Visscher, Bruce VISSCHB at RJRT.com
Tue Sep 21 14:28:53 BST 2004


> I have a very simple sequence that I am allocating and would like to
> check that the allocation was successful.
> 
> The IDL is :
> 
>     interface SEQ {
>     
>         enum ABC { want, more };
>         typedef sequence<ABC> ABCseq;
>     };
> 
> And the code (C++) I wish to convert is:
>  
>    SEQ::ABCseq_var me = new SEQ::ABCseq();
>     if(me == NULL) printf("ERROR\n");

This is actually wrong for 2.5 reasons. :-)

The main reason is that standard C++ will never set the null pointer to 0, but 
will instead throw an exception (std::bad_alloc, IIRC...In any case it should
be derived from std::exception so you can catch(std::exception&)).  So, the
printf should never execute anyway (some compilers might have a backwards
compatibility flag to cause new to return 0 instead).

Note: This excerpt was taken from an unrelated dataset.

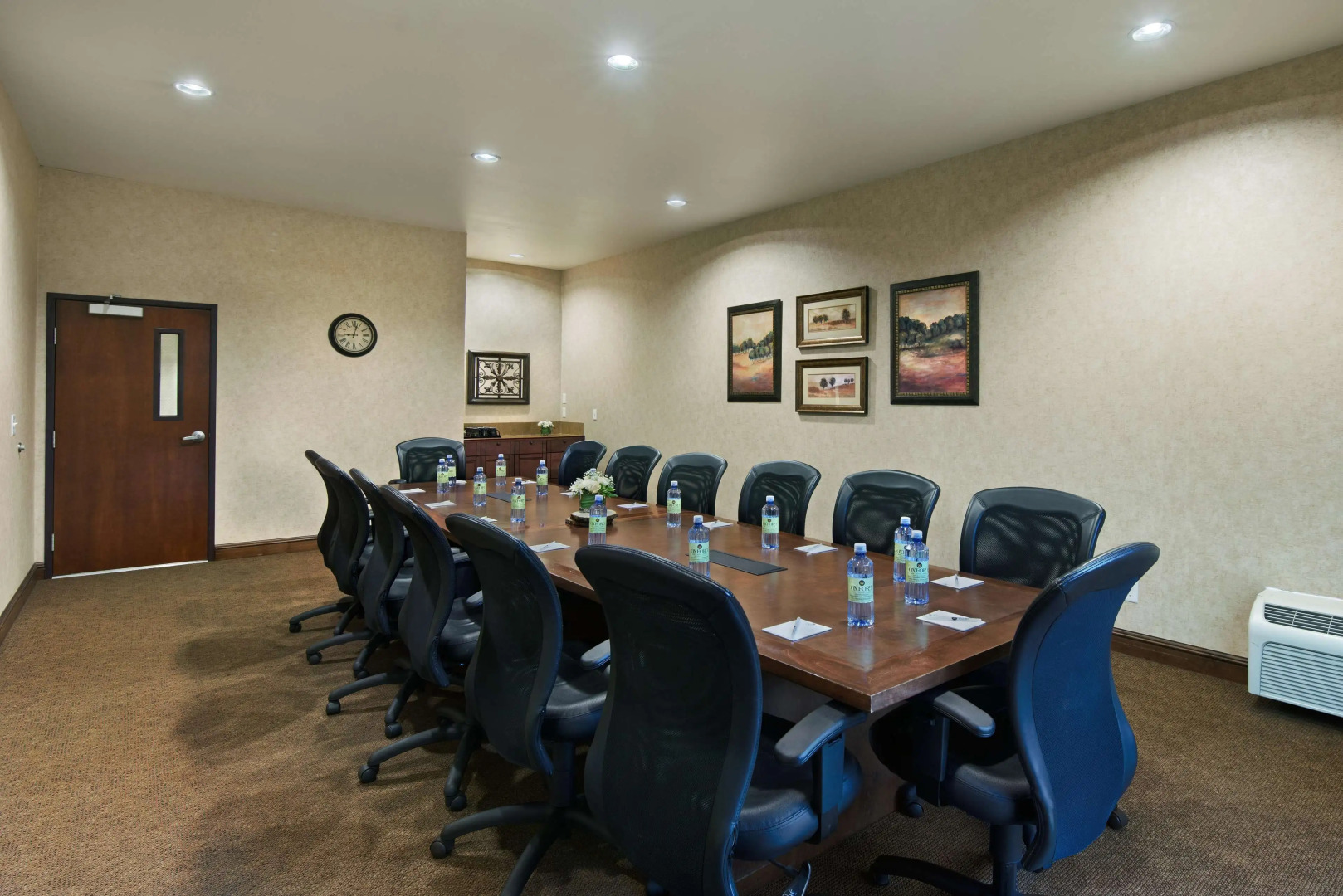 Oxford Suites Yakima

The other reason is that the var type would be initialized to nil, not 0. So,
to check whether an object has been allocated you should use CORBA::is_nil(me)
instead.

The 0.5 reason is that the null pointer is spelled "0" in C++, not "NULL".

> 
> When I compile this, using OMNI, I get an error on the "me == 
> NULL" test
> to the effect that no such comparison is available.

....which is a good thing since this isn't correct code.